Mentally, I can vouch for the benefits. I will happily admit that I am a man awkward and inhibited in conversation with those with whom I am not already well acquainted. However, put all them unfamiliars together in a room, give me a mic and a monitor with some words on and then, tonight Matthew, I’ll be Elvis, Bryan Ferry, Morrissey or, on one fateful occasion, Shania Twain.
Ah Shania, Shania, Shania; you might have felt like a woman, but the good people at Southampton Ferryman & Firkin on a Friday evening back in 2001 really didn’t need me to empathise with you in the medium of song, yours or otherwise. As facsimiles go, it was like pencilling around the edge of it through tracing paper so thick you could wall your garden with it, and with an arm in the grip of St Vitus’ Dance. I’d forgotten the melody of the verses, which didn’t help.
Sadly, I was trying to woo a young lady that night and I can report back to the lab that this really isn’t the way to do it. If any young teenagers are reading this then, please, do try this at home and not in a large, packed out pub, particularly the Ferryman & Firkin in Southampton.
That night I vowed much the same as I did when getting lost and almost killed with my family when coming down a peak in the Lake District a different way to that which we came, "always go the way you know"; ergo "take no risks in the karaoke spotlight, sunshine, as you’ll get no lovin’ and make no friends of those who are fond of their ears" or, if you like, "don’t put yourself on the stage, Mr Skiffington". Not with unfamiliar material anyway.
Thus whenever I got the chance to get amongst again, I went with 'Burning Love', 'Love Is The Drug' or 'This Charming Man' - songs I knew I could do, even when sober. That was until a night out with former work colleagues in Liverpool back in 2006 when, after they’d requested an encore of my Smiths number that they’d enjoyed a previous time and which also went well that night, I allowed adrenaline-boosted over-confidence to get the better of me, and I spun the wheel, the arrow eventually coming to rest on ‘Birdhouse In Your Soul’ by They Might Be Giants.
Like I say, sometimes you don’t realise how much some tunes cycle the lyrics around without time for a sufficient intake of breath, nor how much your vocal range does not mirror that of the stars on 45s. However, one hundred and twenty eyes peering at you through lids pursed in mild agony or mounting odium soon brings such issues into very sharp focus.

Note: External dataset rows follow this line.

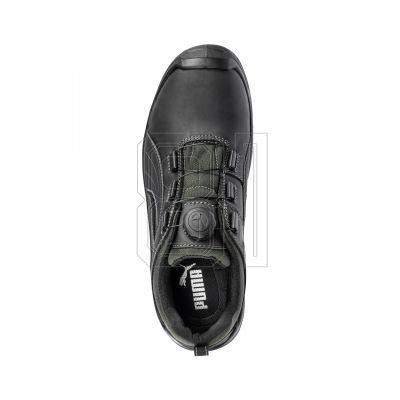 6. Puma Cascades Disc Low M MLI-S45B1 schwarze Schuhe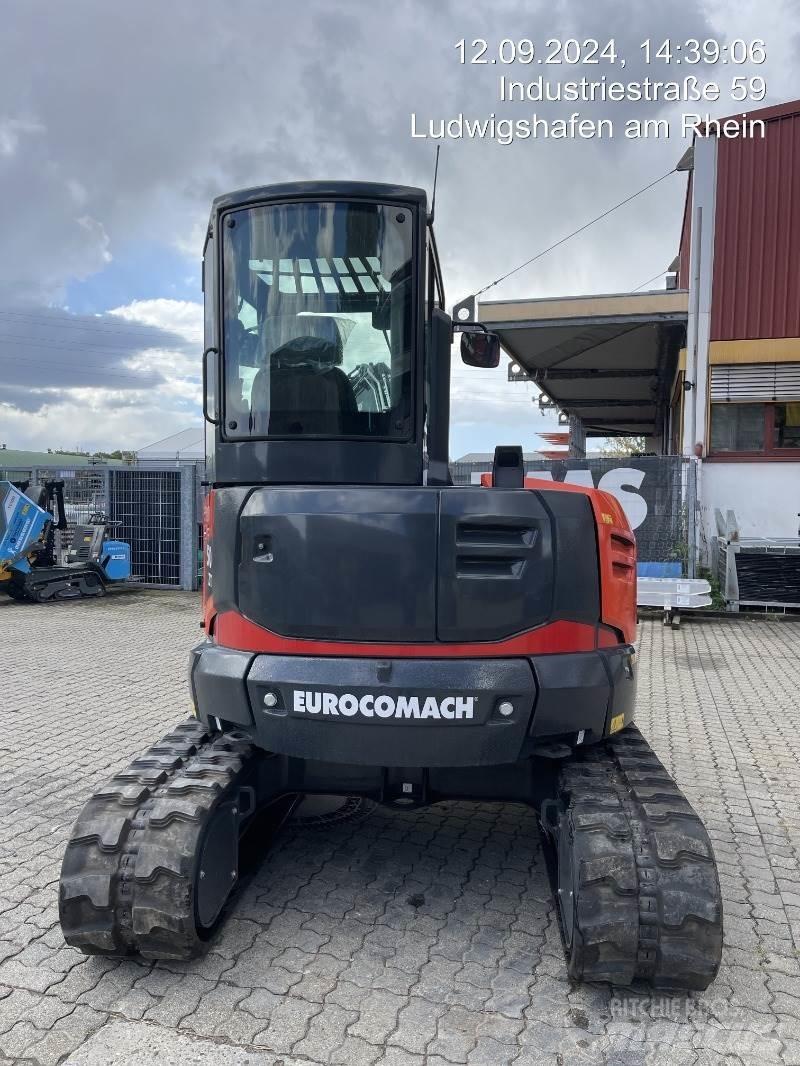 Eurocomach 50ZT Εκσκαφάκι (διαβολάκι) < 7t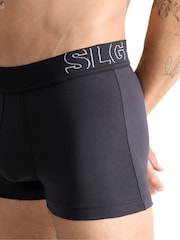 Синий - Мужские боксеры-шорты Sloggi SLG - Изображение 3 из 5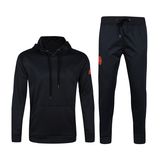 Custom Fitness Wear Running Apparel Hoodie Sweat Top Bottom Gym Sport Tracksuit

'The Fresh Prince Of Bel-Air' - DJ Jazzy Jeff & The Fresh Prince (Caskared)
Deep breath, and, "Now this is a story all about how my life got flipped turned upside down..."
My sister was getting married. This song encapsulated the night of her hen do - well, the latter stages. It was a Saturday and I had spent all day at work to then drive for three hours to the other side of the country to meet my younger sister and her friends for supper followed by a club. My sister and I are not the types to share friends - we’re a little too far apart in age for that to have happened at school and then we lived on either side of the continent, and now either side of the country, not to mention our chasm of taste, opinions, value systems and all. But we are fiercely protective of one another and since we became adults we giggle on the phone and email banter is a joy, a silly joy. Her friends (my colleagues on the hen do) are even further apart - we don’t even share any blood. Fashionistas, heiresses, the most popular girl in school - it is with a lot of preening and sneering ... not really my type. I was scared as to how to get through the night but I was there for my sister so I would behave and get on with it.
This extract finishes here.